I BELIEVE IN PUBLIC LIBRARIES
Wednesday, February 27th, 2008I believe in public libraries.
My love of public libraries started when I was a child. My mother, who only went to school through eighth grade, had the wisdom to take me to the Berlin, Wisconsin, Public Library. It was a Carnegie Library with two long flights of steps, one outside and one inside, before you reached the main (the only) desk. Behind that desk was Miss Safford, who registered me for a library card. Number 3670.

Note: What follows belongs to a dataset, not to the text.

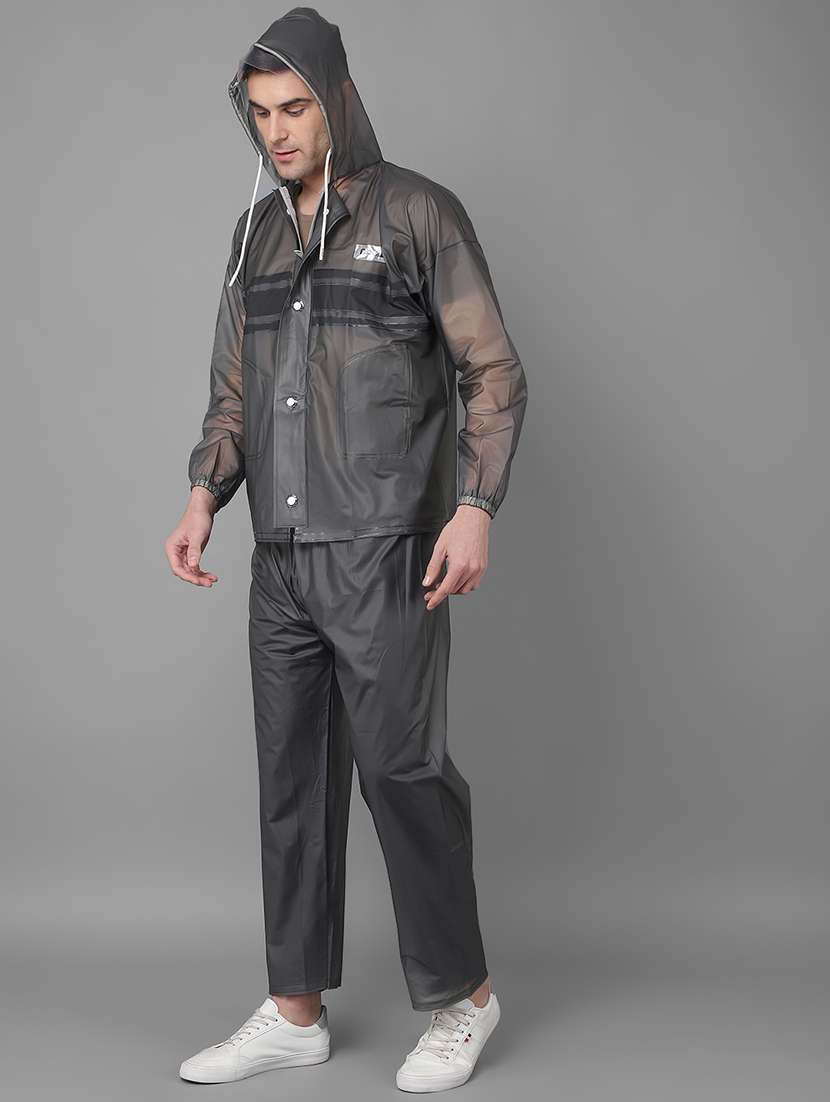 men color block long sleeve hooded rain suit set - 22557681 -  Standard Image - 2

As soon as I was able, I went to the library by myself, every day in the summers, less often during the school year. Miss Safford retired and Miss O’Connor took over. She recognized me as a Reader with a capital R. When I had read everything in my age level and below, she began bringing out books from the adult section for me. Then, even though I was only thirteen, she let me into the adult section. Miss O’Connor was my kind of librarian; the kind that will bend the rules in order to nurture a reader.

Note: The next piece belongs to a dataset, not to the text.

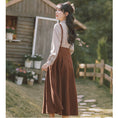 Load image into Gallery viewer, [Encounter Series]★Setup★ 2-piece set, shirt, hanging skirt, 2-piece set, coffee color, cute
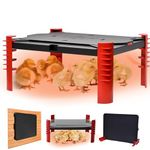 Shaledig 200W Chicken Coop Heater & Brooder Plate for Chicks, 2-in-1 Adjustable Radiant Heating Plate with Smart Thermostat, 16"×12", for Chicks to Adult Chickens, Safe & Energy-Efficient Warmth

Well, time passed and I chose librarianship as a career. I learned that there is a large community of people who also believe in public libraries. For example, one day a few years ago, I met a woman in the lobby of the Bettendorf Public Library. She had recently donated to the Library Foundation and I thanked her. “I thank you,” she said. She told me she was a Hungarian immigrant and had grown up in Chicago. “We were poor,” she said, “but I never FELT poor because I could go to the library and get whatever I wanted to read.” If you want to be thanked a lot for the work you do, become a librarian. People will love you for helping them find a book or piece of information.
Yes, I believe in public libraries. They were a haven for me as a child. They are a free resource everyday for countless people. They nurture reading. They are a fundamental ingredient of this democracy.